• _Data for the task_

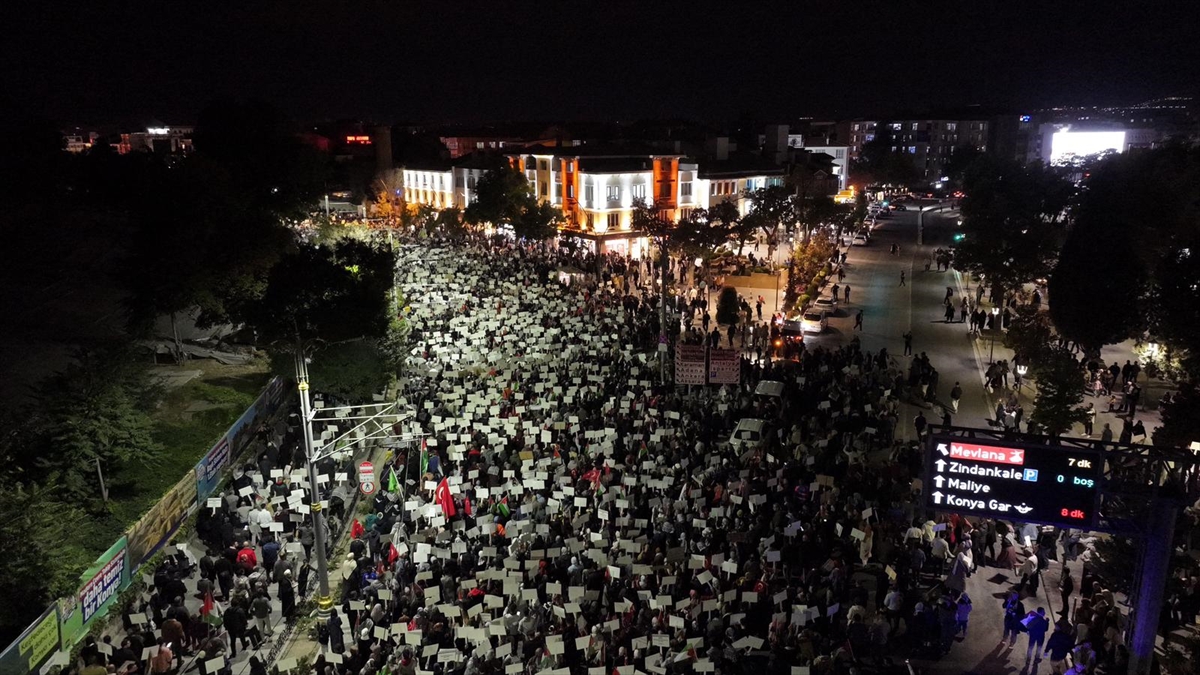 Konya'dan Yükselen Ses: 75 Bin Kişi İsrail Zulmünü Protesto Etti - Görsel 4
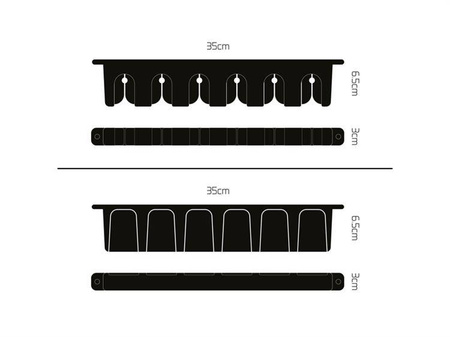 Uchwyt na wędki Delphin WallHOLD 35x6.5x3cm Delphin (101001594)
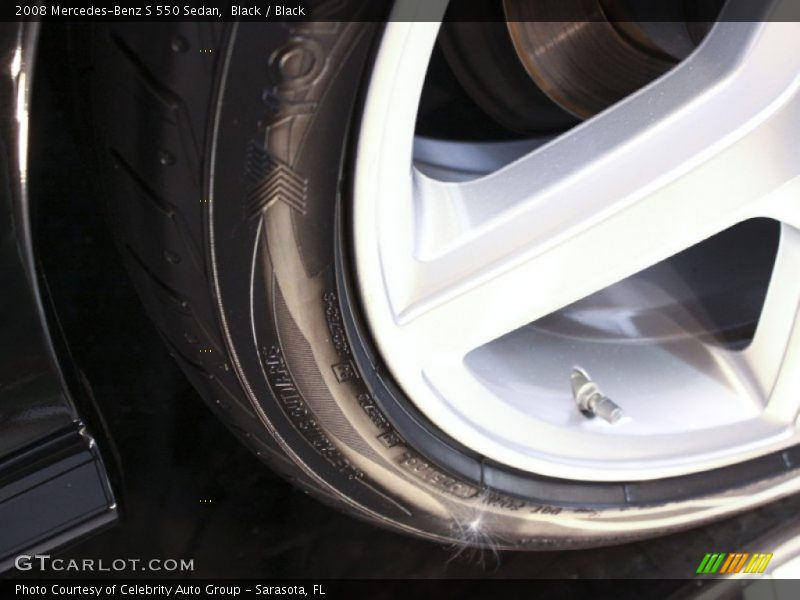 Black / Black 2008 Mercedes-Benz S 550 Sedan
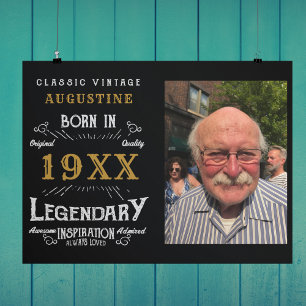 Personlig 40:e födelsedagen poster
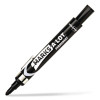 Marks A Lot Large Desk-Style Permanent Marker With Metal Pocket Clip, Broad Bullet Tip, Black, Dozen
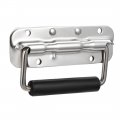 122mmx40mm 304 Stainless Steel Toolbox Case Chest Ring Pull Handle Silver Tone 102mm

---

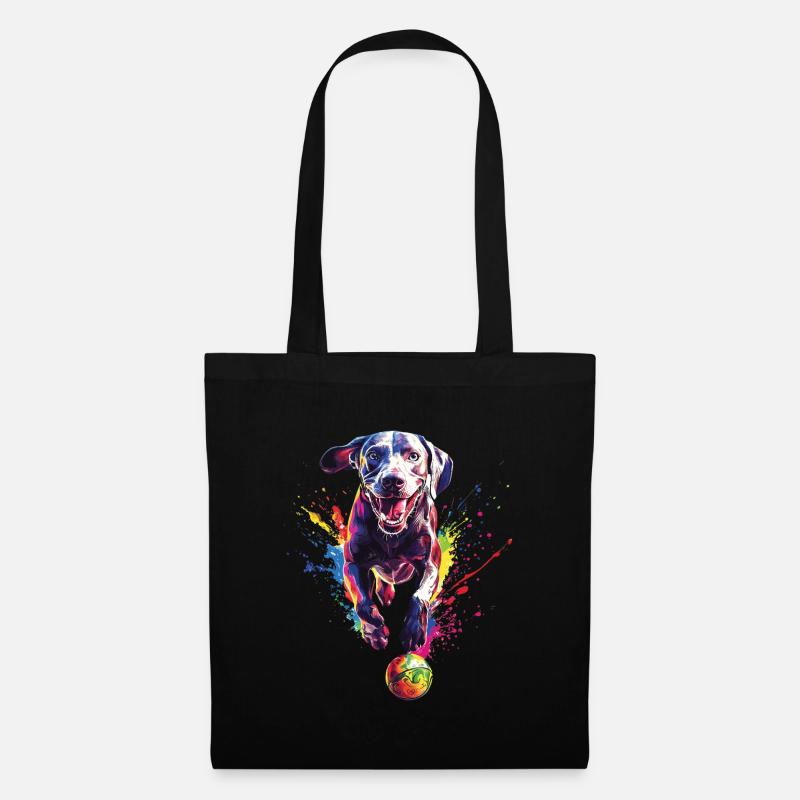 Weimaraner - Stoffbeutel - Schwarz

• _Problem details_
Return exactly the stretch above whose first line contains "Black / Black 2008 Mercedes-Benz S 550 Sedan" and whose last line contains "122mmx40mm 304 Stainless", and nothing outside it. The pictures should not appear.

• _Exercise output_
 Black / Black 2008 Mercedes-Benz S 550 Sedan
 Personlig 40:e födelsedagen poster
 Marks A Lot Large Desk-Style Permanent Marker With Metal Pocket Clip, Broad Bullet Tip, Black, Dozen
 122mmx40mm 304 Stainless Steel Toolbox Case Chest Ring Pull Handle Silver Tone 102mm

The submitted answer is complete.